When I was little, I was a Dimetapp junkie. At the slightest sign of sickness, I’d demand a generous spoonful of that sweet grape syrup, and even if I wasn’t sick, I’d play ill just to get a fix.

Fast-forward 15 years and I’m a writer who has called Dashboard Confessional “Robitussin for the broken heart” – a surefire remedy for what ails you but which, when unneeded, is practically unpalatable.
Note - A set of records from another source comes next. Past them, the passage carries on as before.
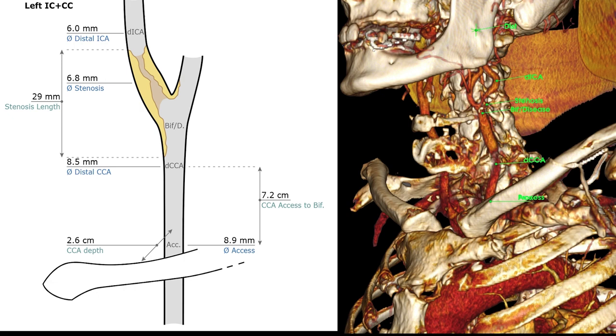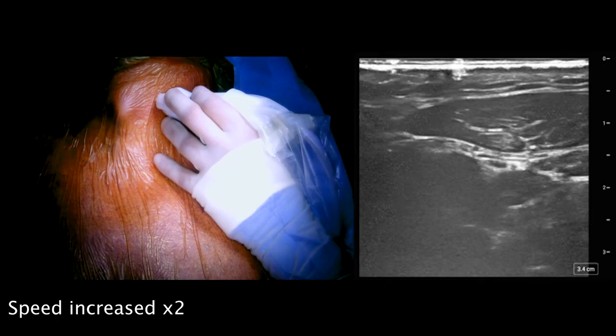In our case, the disease started before the carotid bifurcation, so we had to measure its distance to the clavicle. Based on case planning, the patient and the lesion were suitable to perform TCAR.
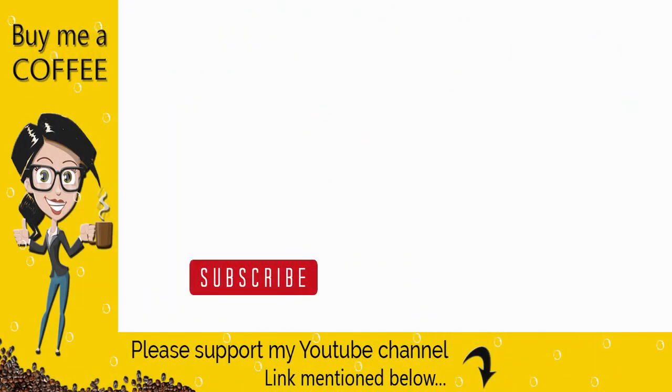I hope this video tutorial was helpful. With this, we have come to the end of this tutorial. Please like and share this video tutorial, and also subscribe to my channel to get updates when new content is added. Thank you.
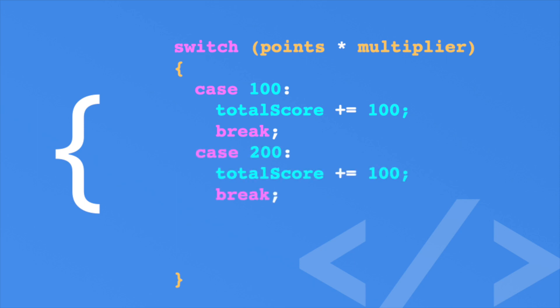Finally, you can add a default case as well using the default keyword. You can think of the default case as the else clause in an if-else statement. Now the default case adds 50 points to the total score. Notice there is a break statement at the end of the default statement. Even though it's the last line, it's still required. Let's play around with some switch statements in Unity.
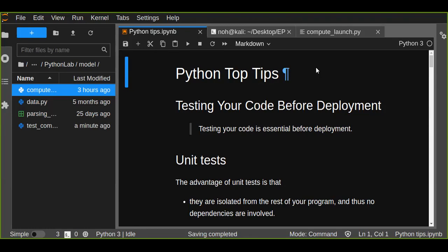Hello guys, welcome to today's Python top tip tutorial. Today I'm going to show you how you can test your code before deployment. Testing your code is essential before deployment, as it helps you catch errors and faulty conclusions before they make any impact.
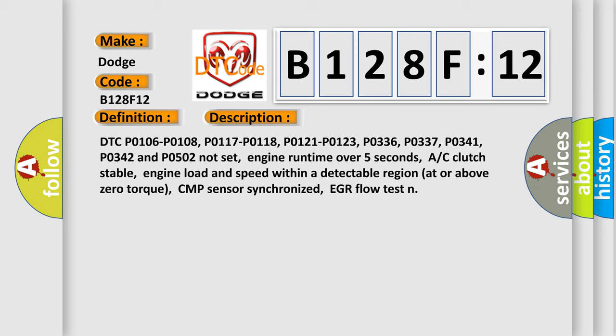And now this is a short description of this DTC code. DTC P0106, P0108, P0117, P0118, P0121, P0123, P0336, P0337, P0341, P0342, and P0502 not set. Engine run time over 5 seconds. AC clutch stable, engine load and speed within a detectable region at or above zero torque. CMP sensor synchronized. EGR flow test.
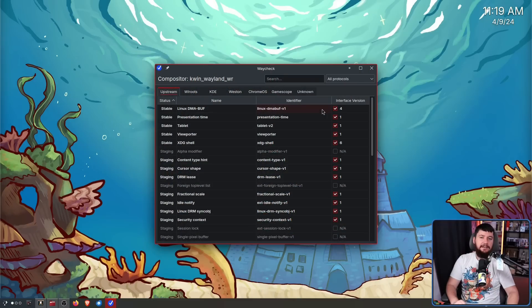What if there was a better way, a way that could just say here is the protocol supported, be about your day. Luckily, now and for quite a while because I forgot to talk about this when it first came out, there is a solution. That being WayCheck.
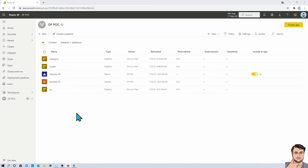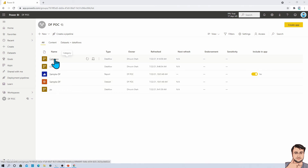A second important advantage is that Dataflow refresh is independent from your report refresh. You can do up to eight refreshes per day with Dataflow. For example, a product table that changes weekly can be configured to refresh weekly, while more transactional data in another Dataflow can be refreshed every hour. This flexibility is another key advantage of using Dataflow. So by now you should have a good idea of what Dataflow is and when to use it.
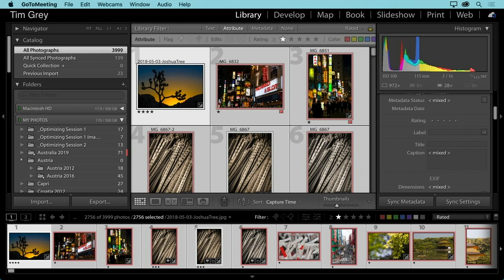Bob asks what hierarchy I use for keywords. I don't use a hierarchical keyword structure. In concept it works great, but hierarchical keywords aren't truly supported by any metadata standard in a universal way. Different software uses tricks — like slashes or pipe symbols — to indicate hierarchical relationships, and different software handles these differently, which can get really messy. So I tend to use a flat keywording structure.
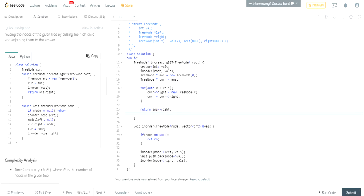We set the current node's left to null, removing the left child. Then we point current's right to the current node we're adding. We set current equal to the new node's right position, then call inOrder on the right child. We use a global variable 'TreeNode current' that does all the rerouting by modifying the original tree's structure.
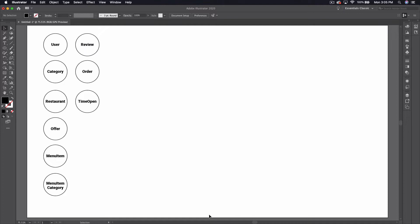So in the last video what we did is essentially go through the Grubhub application — or website, whatever you want to call it — and we kind of took down a list of objects that we were seeing while we went through. So what I want to do this time is show you kind of an informal way that I normally will map things out before I kick off any new project or major feature or anything like that.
Well, if Dashboard is the ‘Tussin, Pete Yorn’s Back & Forth is Dimetapp, because I’ll be damned if Mr. Yorn hasn’t turned me into a 24-year-old drugstore cowboy jonesing for sugary nepenthe for the broken-hearted, despite the fact that I have absolutely no legitimate need for it.

Yorn wears his lyrical heart on his sleeve without coming off as trite, and he bears his musical soul without being over-the-top or melodramatic. If the album were to be boiled down to two adjectives, I would say: “honest” and “subdued.” It’s honest without being brutal, and subdued without being boring.

Like chugging on Dimetapp when you’re not really sick, listening to Yorn’s new album when you’re not presently heartbroken isn’t exactly something to brag about – but it’s also far from unenjoyable.

Bottoms up.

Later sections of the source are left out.